Updated

I knew immediately when I said something good about the rich, someone — a lot of someones, actually — would say, "Isn't that rich?"

It is called class warfare. But I call it "divide and conquer." And let me tell you something, politicians love it. In fact, they thrive on it.

They like us fighting amongst ourselves, so we keep the focus off of them.

The rich aren't the problem with boondoggle spending programs. The politicians are.

The needy aren't the ones breaking Social Security (search). The politicians who say it isn't broken in the first place ... well they are.

Look, we can attack each other all we want. All I can tell you, is I've known rich jerks and I've known poor jerks.

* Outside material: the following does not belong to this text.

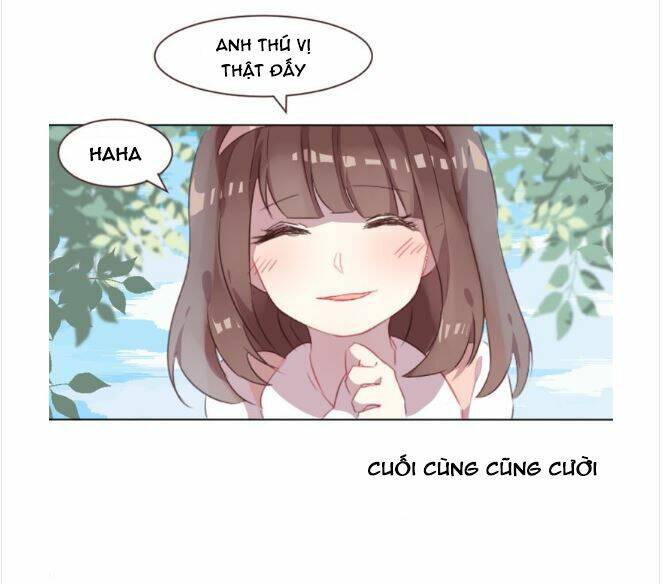 Người Yêu Biến Mất: Chapter 61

"Jerkery," as I've said many times, knows no pedigree. But we're all being jerks, my friends, if we succumb to this predictable game of pointing fingers at classes rather than at crises.

The problem isn't with the rich who largely foot the bill for government. But government itself.

It gets bigger and costlier by the minute. And here I blame just as much a Republican controlled Congress and a Republican president for doing little to stop it.

This latest budget's tough. I just wonder whether the people who have to pass it are as tough. They're the ones who have to be accountable: The folks who make those programs, not the folks who pay for them.

And it doesn't take a rich person to tell you that it is a poor excuse of a politician who shifts the attention.

Rich and poor alike, we should be united in telling that shifting pol, "Don't look now, but the shift has hit the fan."